7.7.26. Image Classification Example
This example demonstrates image classification using Tiny ML Tensorlab to classify visual data on microcontrollers.
7.7.26.1. Overview
Task: Image classification (multi-class)
Application: Visual quality inspection, object detection
Model: MobileNet-based architectures
Input: RGB or grayscale images
7.7.26.2. When to Use Image Classification
Image classification is useful for:
Visual quality inspection
Simple object recognition
Scene classification
Presence/absence detection
7.7.26.3. Running the Example
cd tinyml-modelzoo
./run_tinyml_modelzoo.sh examples/image_classification/config.yaml
cd tinyml-modelzoo
run_tinyml_modelzoo.bat examples\\image_classification\\config.yaml
7.7.26.4. Configuration
common:
target_module: 'image'
task_type: 'generic_image_classification'
target_device: 'F28P55'
dataset:
dataset_name: 'image_classification_example'
input_data_path: '/path/to/image/dataset'
data_processing_feature_extraction:
image_size: [96, 96] # Width x Height
channels: 3 # RGB (3) or Grayscale (1)
training:
model_name: 'MobileNetV2_Small'
training_epochs: 50
batch_size: 32
testing:
enable: True
compilation:
enable: True
7.7.26.5. Dataset Format
Image datasets use folder-per-class structure:
my_image_dataset/
├── annotations.yaml
└── classes/
├── class_a/
│ ├── image_001.jpg
│ ├── image_002.png
│ └── ...
├── class_b/
│ ├── image_001.jpg
│ └── ...
└── class_c/
└── ...
annotations.yaml:
name: my_image_dataset
description: Custom image classification dataset
task_type: image_classification
Supported formats: JPEG, PNG, BMP
7.7.26.6. Image Size Considerations
Smaller images = faster inference but less detail:
Size |
Memory |
Inference Time |
Detail |
|---|---|---|---|
32x32 |
Very Low |
Fastest |
Low |
64x64 |
Low |
Fast |
Moderate |
96x96 |
Moderate |
Moderate |
Good |
128x128 |
Higher |
Slower |
High |
Recommendation: Start with 64x64 or 96x96 for most applications.
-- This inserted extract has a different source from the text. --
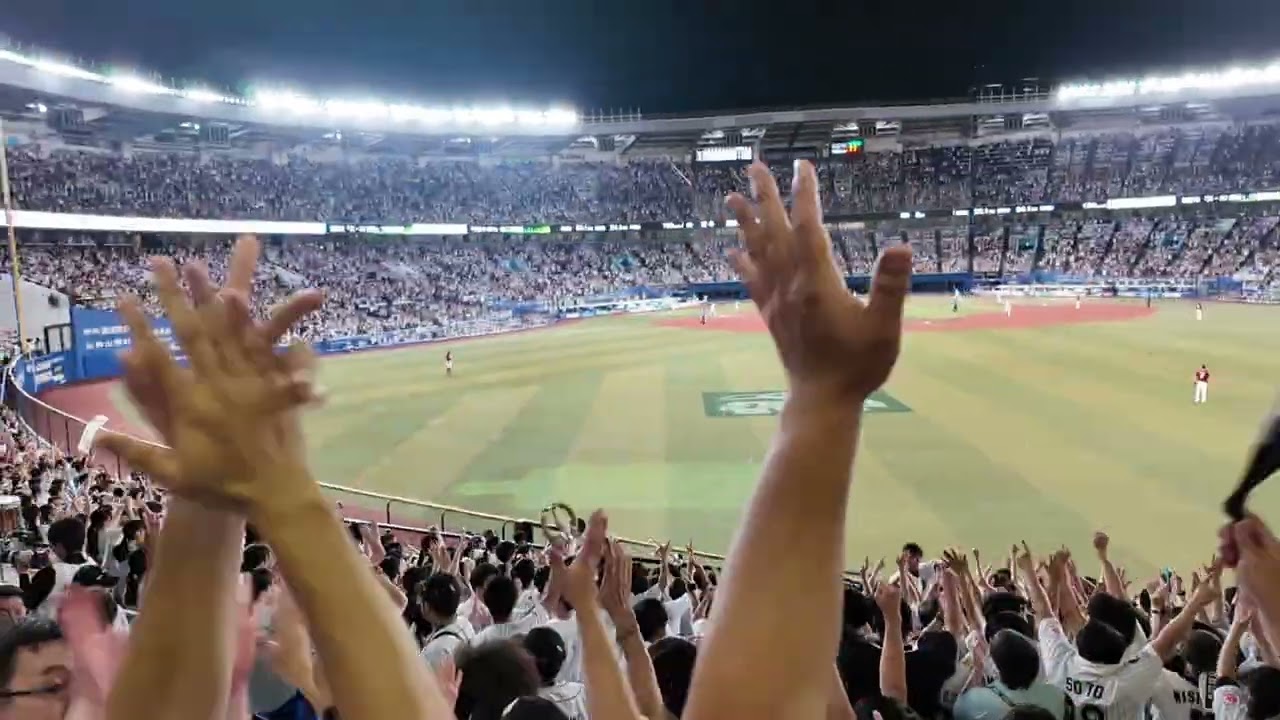 【ロッテ応援】千葉ロッテマリーンズ 習志野高コラボ 愛斗 満塁ホームラン レッツゴー習志野〜ホームランテーマ〜夢花火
data_processing_feature_extraction:
image_size: [64, 64] # Start small, increase if needed
channels: 3
7.7.26.7. Available Models
Model |
Parameters |
Description |
|---|---|---|
|
~10k |
Minimal, simple tasks |
|
~50k |
Good balance |
|
~100k |
Complex classification |
|
~20k |
Simple custom architecture |
Note: Image models are typically larger than time series models due to 2D spatial processing requirements.
7.7.26.8. Expected Results
Training complete.
Float32 Model:
Accuracy: 95%+
F1-Score: 0.94
Quantized Model:
Accuracy: 92%+
7.7.26.9. Grayscale vs RGB
Grayscale (1 channel):
Smaller model input
Faster inference
Good when color is not important
data_processing_feature_extraction:
channels: 1
RGB (3 channels):
Full color information
Larger model input
Needed when color matters for classification
data_processing_feature_extraction:
channels: 3
7.7.26.10. Data Augmentation
Image augmentation improves model robustness:
data_processing_feature_extraction:
augmentation:
horizontal_flip: True
vertical_flip: False
rotation: 15 # degrees
brightness: 0.2
contrast: 0.2
zoom: 0.1
Common augmentations:
Flip: For symmetric objects
Rotation: When orientation varies
Brightness/Contrast: For lighting variation
Zoom/Crop: For scale variation
7.7.26.11. Practical Applications
Visual Quality Inspection:
Detect defects in manufactured parts:
common:
target_module: 'image'
task_type: 'generic_image_classification'
target_device: 'F28P55'
dataset:
dataset_name: 'defect_inspection_dataset'
data_processing_feature_extraction:
image_size: [96, 96]
channels: 1 # Grayscale for surface defects
training:
model_name: 'MobileNetV2_Small'
Classes: good, scratch, dent, contamination
Presence Detection:
Detect if an object is present:
common:
task_type: 'generic_image_classification'
dataset:
dataset_name: 'presence_detection_dataset'
# classes: present, absent
data_processing_feature_extraction:
image_size: [64, 64]
channels: 3
training:
model_name: 'MobileNetV2_Tiny'
Scene Classification:
Classify environmental conditions:
common:
task_type: 'generic_image_classification'
dataset:
dataset_name: 'scene_dataset'
# classes: indoor, outdoor, low_light, etc.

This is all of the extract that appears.